Tonight Jane and I went to another of the Red Bull’s hockey playoff games. It was an impulse move this time because we only found out about the game that day because of all of the opposing team’s fans had flooded the Salzburg! When I had walked to school today I was crossing the bridge to school and a group of the opposing fans was behind me, with their flag as a cape and and many scarfs sporting their team all over their bodies and they were chanting. I broke down and was a bad wanna-be Austrian and smiled because I thought it was fun. They noticed and then started singing or yelling not quite sure which one, their team song. It was soo funny because this little old lady came up to them and was screaming at them and pointing her finger in their face yelling about Salzburg Redbulls. Lol. So great. 
We bought our tickets at the rink which cost us 15 euros because we bought them right before it started, but we decided to try standing this time. It was way better than the sitting seats because we were right against the glass and were among a lot of Austrians our age so that was fun. It was fun because the sitting seats had sparklers before the game this time inside the rink! The Redbulls played SO much better than the first game. They were tied with the opposing team (which we never discovered what it was) 2-2 until the end of the 3rd period! But with 6 minutes left the other team scored and the Redbulls completely gave up even though they could have one. It was SO frustrating, they were worse than a little kids team giving up! 
We are leaving for our five day school Vienna field trip tomorrow morning, so there is some packing that still needs to be done!
Friday February 26th, 2010
Our morning was an early on as we left the house at 6 am to walk to Mirabellplatz where we met our charter bus. It was a good brisk morning walk to the bus with our travel backpacks! We left on the bus to Mauthaus concentration and death camp that is a few hours away from Salzburg. We all slept the whole way there.

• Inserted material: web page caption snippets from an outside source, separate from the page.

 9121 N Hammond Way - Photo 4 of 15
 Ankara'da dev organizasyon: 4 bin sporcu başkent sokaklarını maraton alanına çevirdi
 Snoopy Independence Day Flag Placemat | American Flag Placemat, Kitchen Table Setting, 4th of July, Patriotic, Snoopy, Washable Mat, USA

We woke up when we started to drive up a windy, forested road in our big bus, ending on a plateau where we saw the concentration camp walls and the town below.
We received a walking tour by a guy who was doing his civil service time at the historic department of the camp doing tours. (In Austria after all boys leave what is about equivalent to high school they must serve one year in the military or in a community service type of position for the state.) He started the tour by showing us the memorials that each country had set up honoring those who had passed away. The weather was so bitter cold and snowing we all were freezing! But it added to the somber mood of the place and it was very fitting. We started to talk about how we could never image how cold the prisoners would have been in the winters wearing paper thin clothes, and working in the outdoors, when they were starving to death. 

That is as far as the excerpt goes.